- [What to do]:
Each line from the first line of the entries through the line holding "Reconstrução da fachada" is to be restated word for word; nothing else, and no picture, belongs in the answer.

- [Record extracts]:

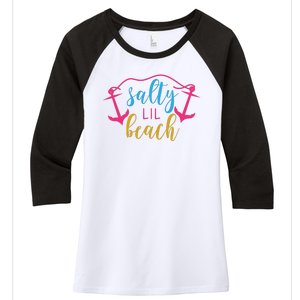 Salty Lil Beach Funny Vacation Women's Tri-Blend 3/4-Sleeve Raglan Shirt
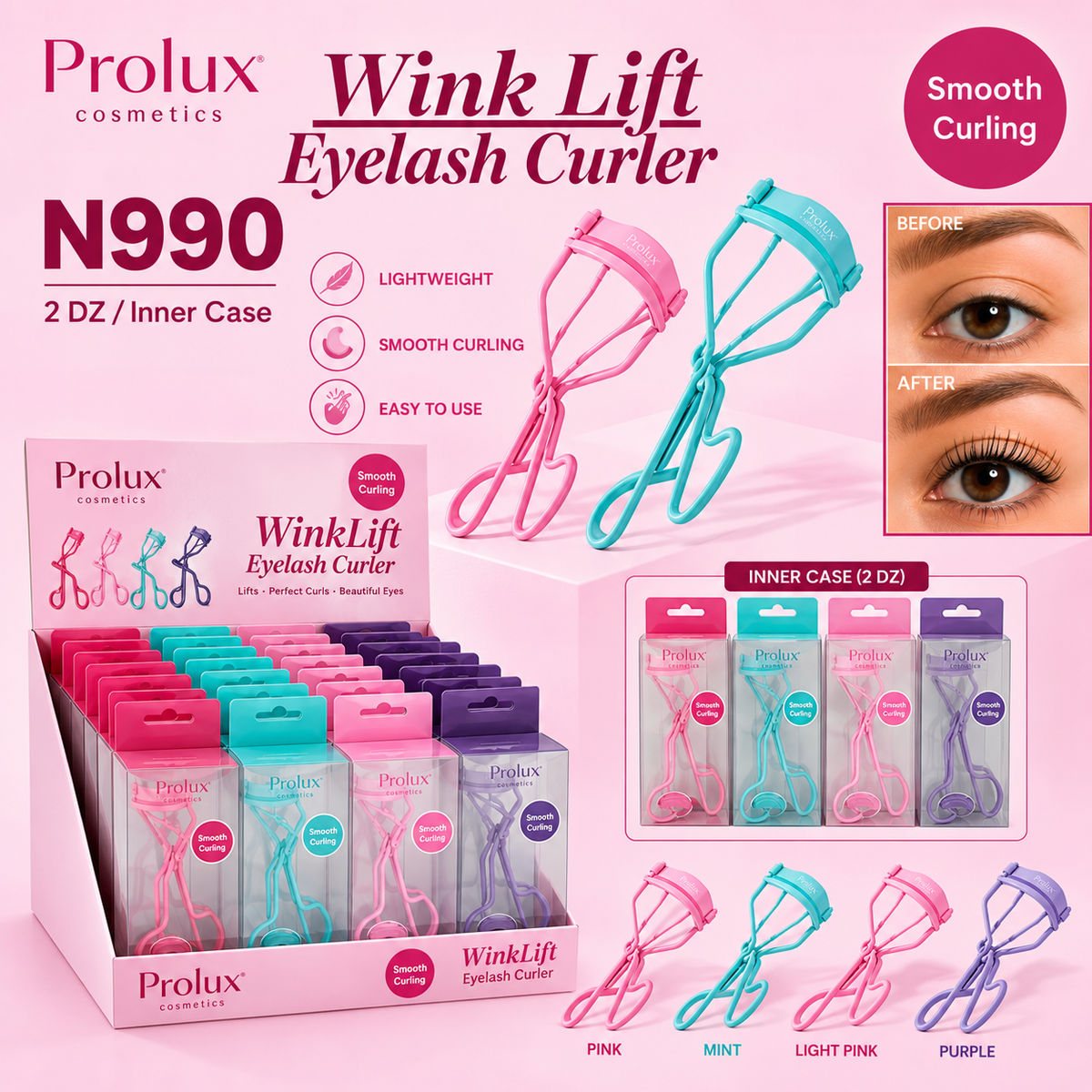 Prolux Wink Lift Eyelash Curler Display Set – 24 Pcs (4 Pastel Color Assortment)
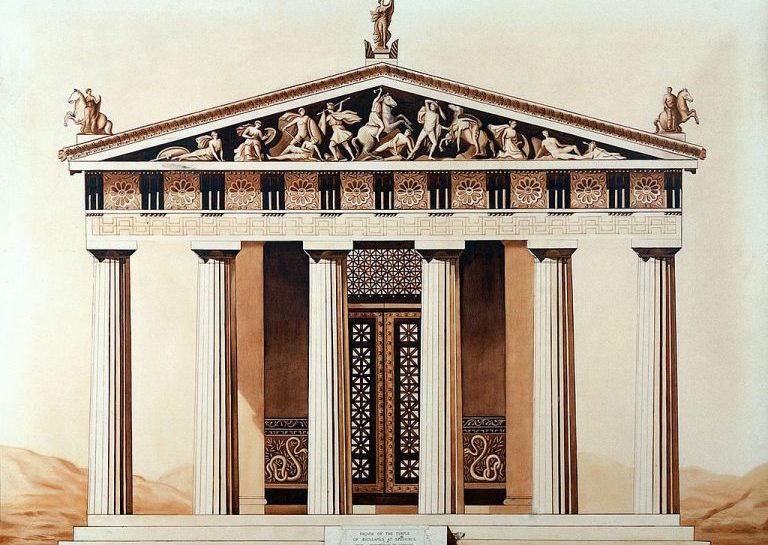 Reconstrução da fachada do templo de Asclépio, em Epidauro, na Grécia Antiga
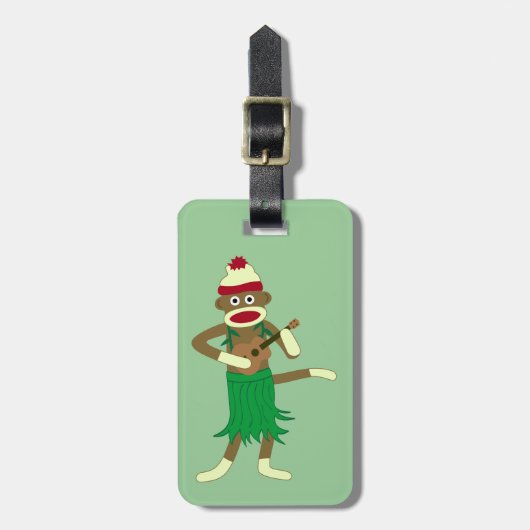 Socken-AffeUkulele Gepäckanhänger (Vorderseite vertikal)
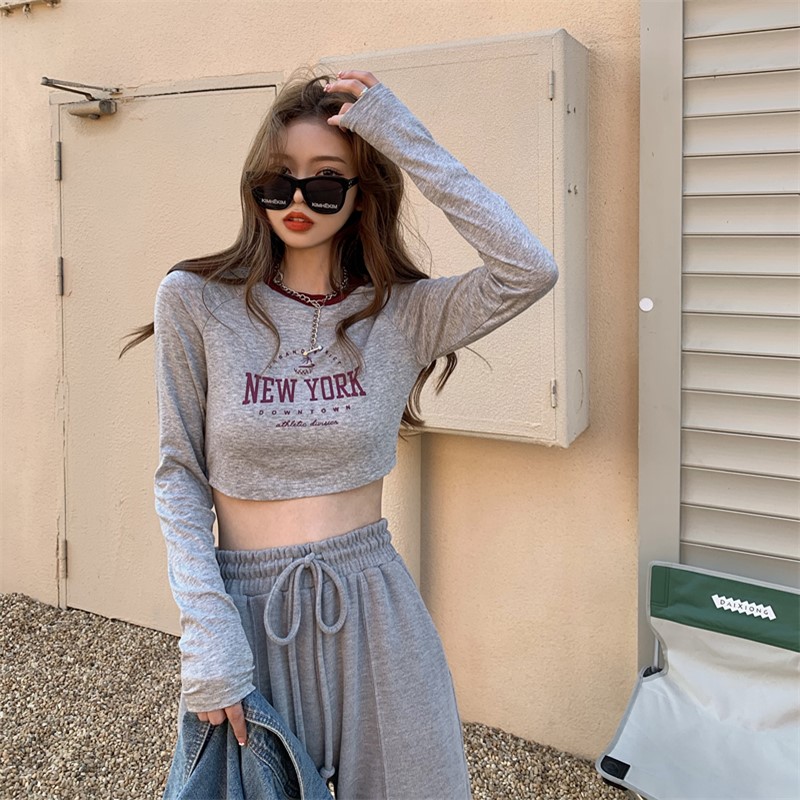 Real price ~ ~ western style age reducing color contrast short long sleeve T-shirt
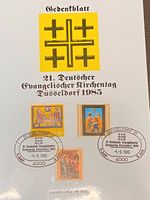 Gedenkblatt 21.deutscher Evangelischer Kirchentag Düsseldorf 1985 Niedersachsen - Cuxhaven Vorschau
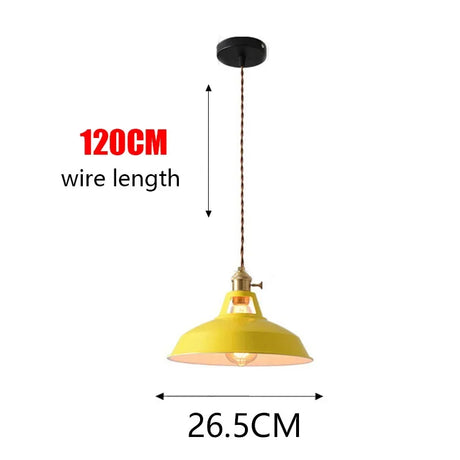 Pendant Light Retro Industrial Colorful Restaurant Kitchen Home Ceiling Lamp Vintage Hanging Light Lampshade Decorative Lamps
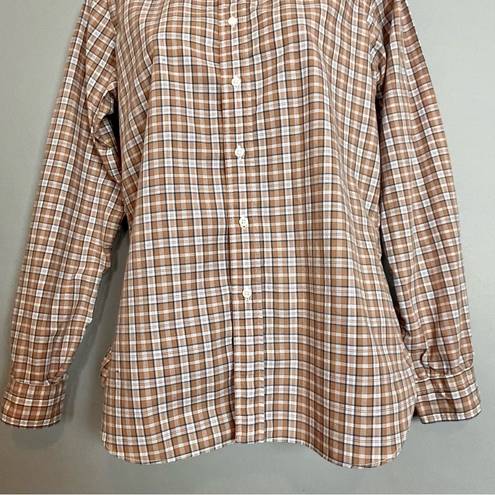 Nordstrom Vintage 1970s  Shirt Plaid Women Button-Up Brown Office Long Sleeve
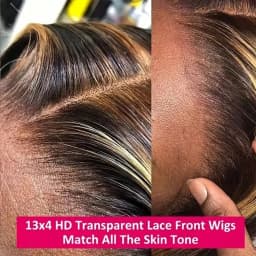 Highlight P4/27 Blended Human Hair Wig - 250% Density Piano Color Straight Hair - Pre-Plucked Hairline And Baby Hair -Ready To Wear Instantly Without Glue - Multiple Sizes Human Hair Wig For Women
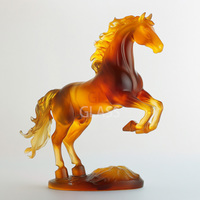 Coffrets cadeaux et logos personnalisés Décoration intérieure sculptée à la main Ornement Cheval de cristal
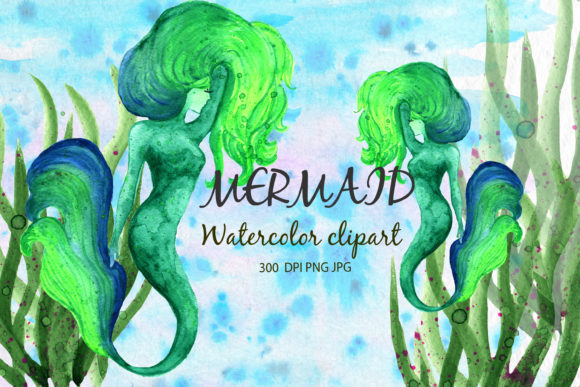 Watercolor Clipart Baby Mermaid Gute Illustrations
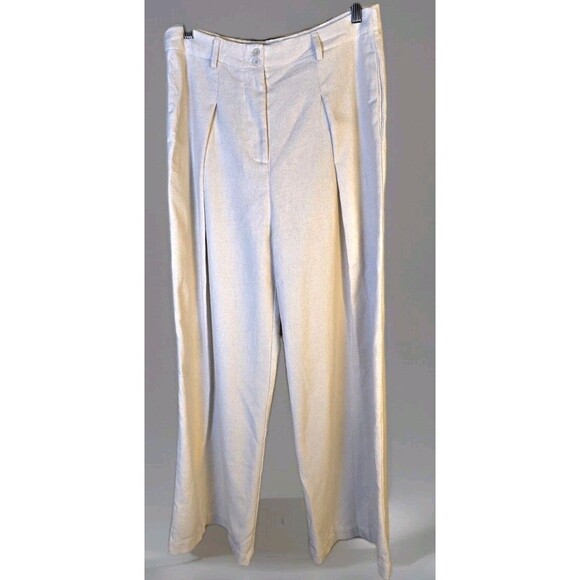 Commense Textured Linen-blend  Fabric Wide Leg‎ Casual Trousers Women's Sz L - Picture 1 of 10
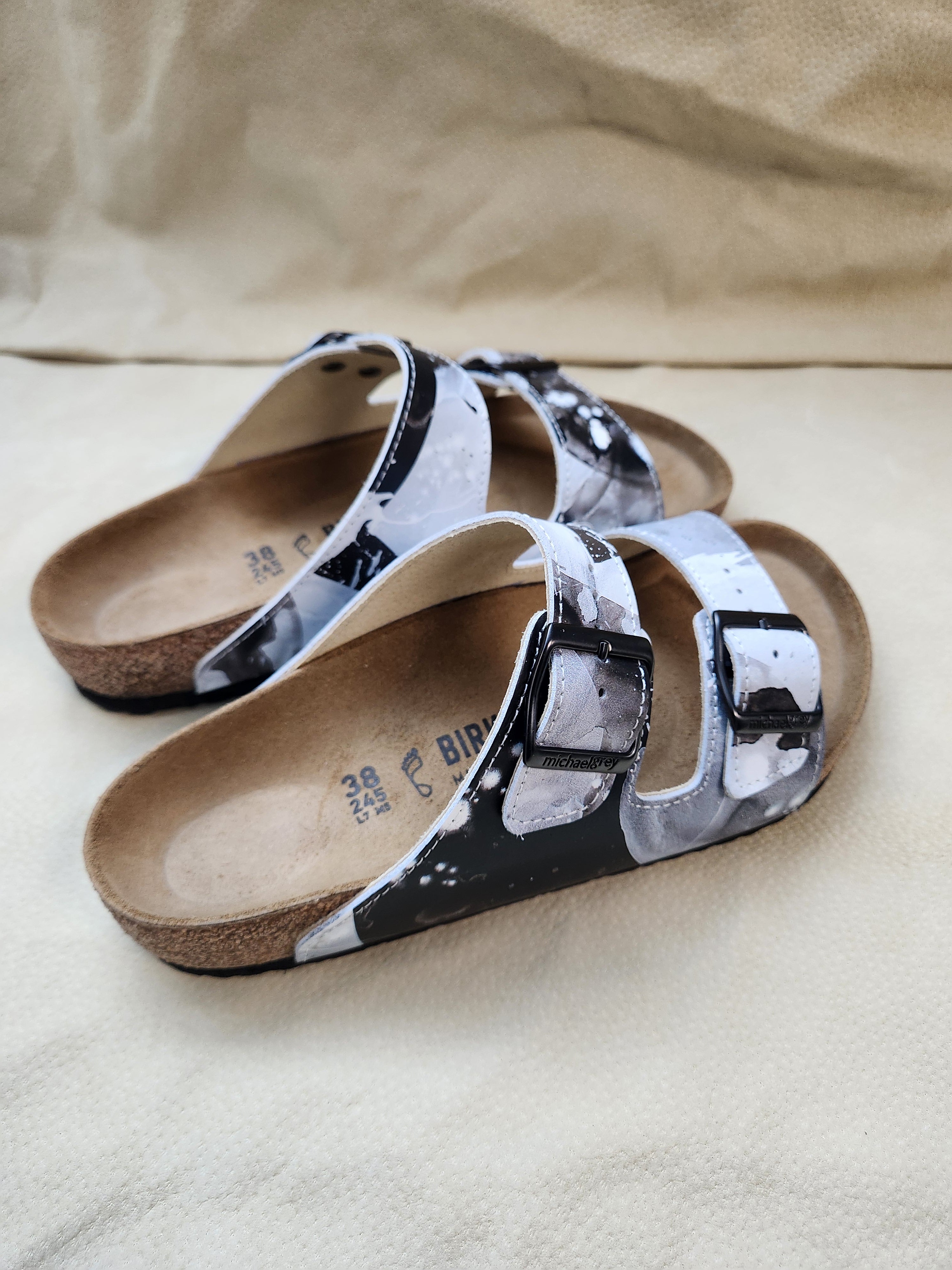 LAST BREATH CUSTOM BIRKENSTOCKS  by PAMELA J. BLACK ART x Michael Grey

- [Written response]:
 Salty Lil Beach Funny Vacation Women's Tri-Blend 3/4-Sleeve Raglan Shirt
 Prolux Wink Lift Eyelash Curler Display Set – 24 Pcs (4 Pastel Color Assortment)
 Reconstrução da fachada do templo de Asclépio, em Epidauro, na Grécia Antiga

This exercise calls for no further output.